Читаем Поцелуев мост полностью

— Бедное дитё, — вздыхала тогда бабушка и, если успевала перехватить беглеца раньше дяди Толи, совала ему в руки увесистый бутерброд с домашней котлетой, паштетом или ещё чем-то, на мой тогдашний, да и сегодняшний взгляд, совершенно несъедобным.

— А почему, кстати, почти жена? — вдруг, помимо воли, спросила я. — Почему не женился?

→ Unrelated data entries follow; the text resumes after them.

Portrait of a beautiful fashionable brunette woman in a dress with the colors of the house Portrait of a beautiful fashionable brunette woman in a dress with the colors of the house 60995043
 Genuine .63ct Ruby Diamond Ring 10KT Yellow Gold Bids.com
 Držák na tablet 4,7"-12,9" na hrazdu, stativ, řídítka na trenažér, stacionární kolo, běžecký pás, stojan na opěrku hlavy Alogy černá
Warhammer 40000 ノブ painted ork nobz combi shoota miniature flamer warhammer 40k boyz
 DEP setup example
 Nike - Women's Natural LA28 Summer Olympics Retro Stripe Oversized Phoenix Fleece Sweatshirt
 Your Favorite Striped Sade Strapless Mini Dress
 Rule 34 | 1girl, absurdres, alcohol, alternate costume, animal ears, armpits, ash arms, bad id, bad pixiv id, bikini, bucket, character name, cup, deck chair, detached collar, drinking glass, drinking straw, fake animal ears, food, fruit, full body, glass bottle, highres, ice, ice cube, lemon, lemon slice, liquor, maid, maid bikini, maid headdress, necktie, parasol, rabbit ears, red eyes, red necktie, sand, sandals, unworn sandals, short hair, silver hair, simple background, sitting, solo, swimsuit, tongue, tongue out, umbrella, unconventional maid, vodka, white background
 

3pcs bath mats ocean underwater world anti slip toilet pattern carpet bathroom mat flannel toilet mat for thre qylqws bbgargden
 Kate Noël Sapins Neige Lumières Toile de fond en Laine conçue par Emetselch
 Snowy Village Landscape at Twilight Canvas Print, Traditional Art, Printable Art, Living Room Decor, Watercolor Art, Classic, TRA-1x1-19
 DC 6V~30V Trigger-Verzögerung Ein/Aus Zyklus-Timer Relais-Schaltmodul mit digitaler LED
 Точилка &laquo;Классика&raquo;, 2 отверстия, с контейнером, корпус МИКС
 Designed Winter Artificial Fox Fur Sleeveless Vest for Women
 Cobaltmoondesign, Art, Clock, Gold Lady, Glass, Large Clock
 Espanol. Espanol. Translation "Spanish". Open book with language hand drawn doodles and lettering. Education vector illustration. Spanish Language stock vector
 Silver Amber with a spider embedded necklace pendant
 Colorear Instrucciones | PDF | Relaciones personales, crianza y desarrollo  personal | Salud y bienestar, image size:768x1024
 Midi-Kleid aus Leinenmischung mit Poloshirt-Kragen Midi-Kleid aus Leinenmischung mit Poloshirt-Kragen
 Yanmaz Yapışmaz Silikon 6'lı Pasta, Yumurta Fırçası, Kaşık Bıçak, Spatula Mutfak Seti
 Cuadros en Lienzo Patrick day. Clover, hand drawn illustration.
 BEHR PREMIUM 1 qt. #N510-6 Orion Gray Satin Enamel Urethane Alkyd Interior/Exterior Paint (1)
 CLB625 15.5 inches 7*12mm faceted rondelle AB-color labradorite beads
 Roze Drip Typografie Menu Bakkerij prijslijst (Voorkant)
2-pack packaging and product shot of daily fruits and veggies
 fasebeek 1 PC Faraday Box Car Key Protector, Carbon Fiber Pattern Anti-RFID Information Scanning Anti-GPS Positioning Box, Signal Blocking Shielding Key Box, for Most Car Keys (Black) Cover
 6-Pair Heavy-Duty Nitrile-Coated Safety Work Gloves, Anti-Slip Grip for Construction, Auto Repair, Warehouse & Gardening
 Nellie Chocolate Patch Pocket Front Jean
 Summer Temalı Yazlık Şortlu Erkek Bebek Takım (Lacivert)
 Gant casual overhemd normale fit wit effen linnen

Говорят, любопытство сгубило кошку, Варварин нос, а в тот момент могло погубить меня. Что я рассчитывала услышать в ответ? Естественно, нечто вроде: я ждал тебя всю жизнь, о, моя прекрасная Конфета! Или ещё что-нибудь не менее патетическое. А что могла услышать? Песнь о несчастной любви Федоса к рыжеволосой нимфе Нелли.

— Я и не собирался, — пожал плечами Федос, а потом снова почесал затылок. — Стричься пора, — раздражённо фыркнул он.

— В смысле «не собирался»? — опешила я.

Не то, чтобы я считала, что он, как честный человек, был обязан жениться на Нелли. Вообще-то, в глубине души я была уверена, что Федос никому, ничего не должен, если этот кто-то — его бывшая, конечно. Только я отлично помнила, каким влюблённым, почти парящим он выглядел в дни романа с Нелей, а ещё слова незабвенной Марго:

— Заметался пожар голубой, Позабылись родимые дали. В первый раз я запел про любовь, в первый раз отрекаюсь скандалить…

— Эти слова Сергей Есенин посвятил своей возлюбленной Августине Миклашевской, — обратилась она ко мне. — Он посвятил ей целый цикл стихов, называется «Любовь хулигана».

— Хватит дитю чепухой голову забивать, — перебила бабушка. — Есенин ваш баб менял, как перчатки, и плохо кончил. На Астории* даже доска памятная имеется, видела я. Вот узнает отец Августины этой новоявленной, вломят Фёдору по первое число — вся любовь и закончится!

Я же, имея хорошую память, моментально запомнила имя возлюбленной Есенина, и несколько дней читала стихи, где встречался и «глаз злато-карий омут», и волосы «цветом в осень», и «поступь нежная, лёгкий стан» — точь в точь, как у Нелли, чтоб ей провалиться!

— Так – не собирался, — легко ответил Федос и равнодушно пожал плечами. — Женятся, когда ребёнка хотят или двух, в общем, чтобы семья была. Настоящая. А мне ребёнка нельзя.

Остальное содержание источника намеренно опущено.